Given records:
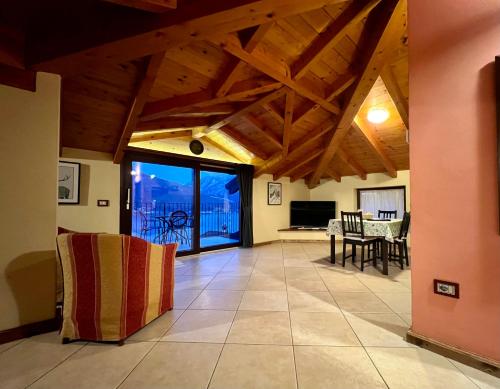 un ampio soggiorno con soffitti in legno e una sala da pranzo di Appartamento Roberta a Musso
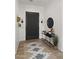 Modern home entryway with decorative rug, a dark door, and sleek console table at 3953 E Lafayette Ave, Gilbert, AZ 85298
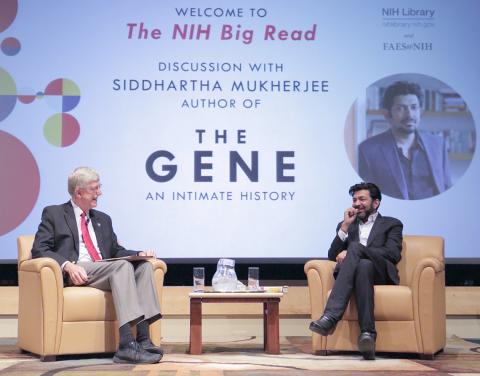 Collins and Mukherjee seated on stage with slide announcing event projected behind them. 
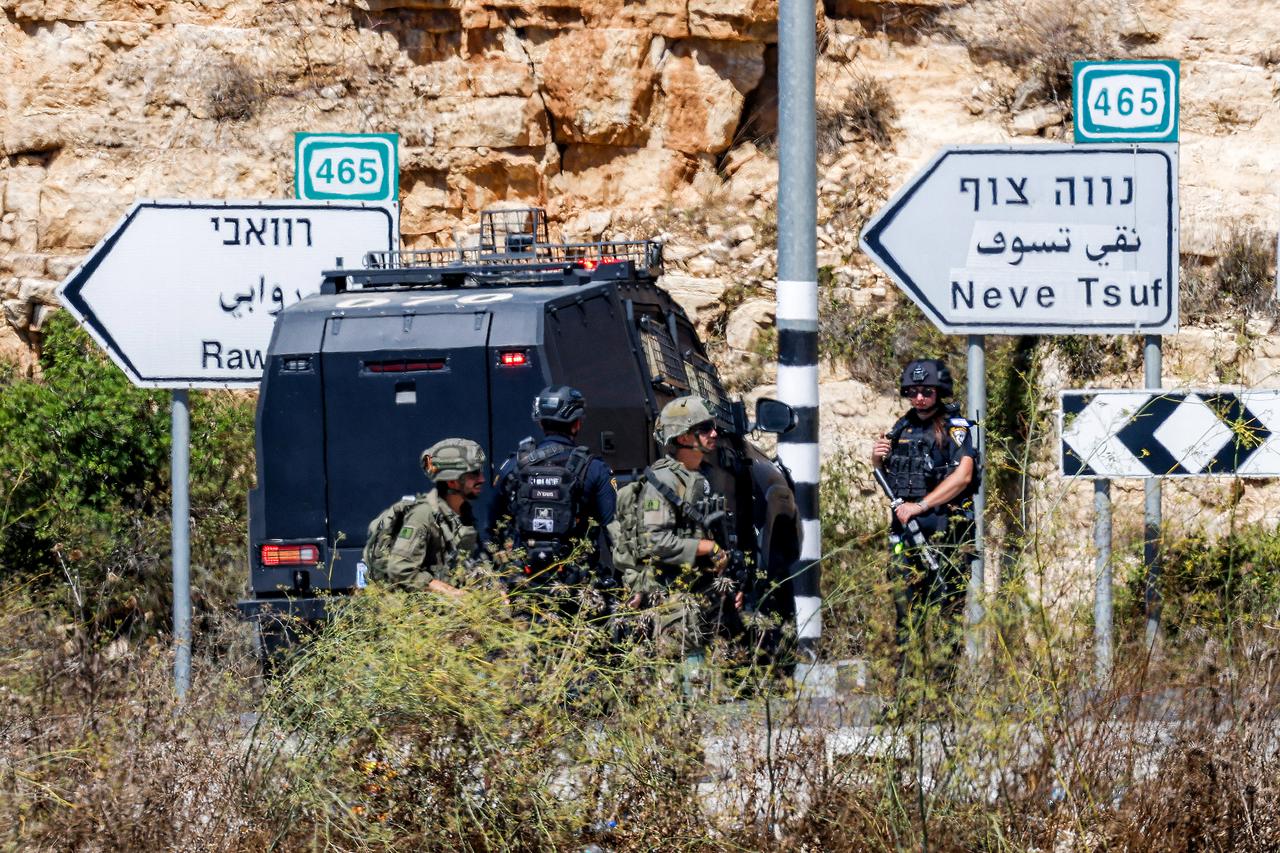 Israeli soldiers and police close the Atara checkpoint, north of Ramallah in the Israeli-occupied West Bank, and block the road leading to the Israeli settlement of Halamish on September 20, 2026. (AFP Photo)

--

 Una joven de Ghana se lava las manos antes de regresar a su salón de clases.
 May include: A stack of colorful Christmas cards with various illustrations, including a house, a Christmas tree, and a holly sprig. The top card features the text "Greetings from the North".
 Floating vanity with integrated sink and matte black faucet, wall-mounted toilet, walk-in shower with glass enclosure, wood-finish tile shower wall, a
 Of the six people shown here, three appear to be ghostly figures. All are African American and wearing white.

Directions: Because only one stretch of the records is wanted, please output the lines from the one holding "un ampio soggiorno" through the one holding "Israeli soldiers and" exactly, both included, and leave every picture out.

Answer to the exercise:
 un ampio soggiorno con soffitti in legno e una sala da pranzo di Appartamento Roberta a Musso
 Modern home entryway with decorative rug, a dark door, and sleek console table at 3953 E Lafayette Ave, Gilbert, AZ 85298
 Collins and Mukherjee seated on stage with slide announcing event projected behind them. 
 Israeli soldiers and police close the Atara checkpoint, north of Ramallah in the Israeli-occupied West Bank, and block the road leading to the Israeli settlement of Halamish on September 20, 2026. (AFP Photo)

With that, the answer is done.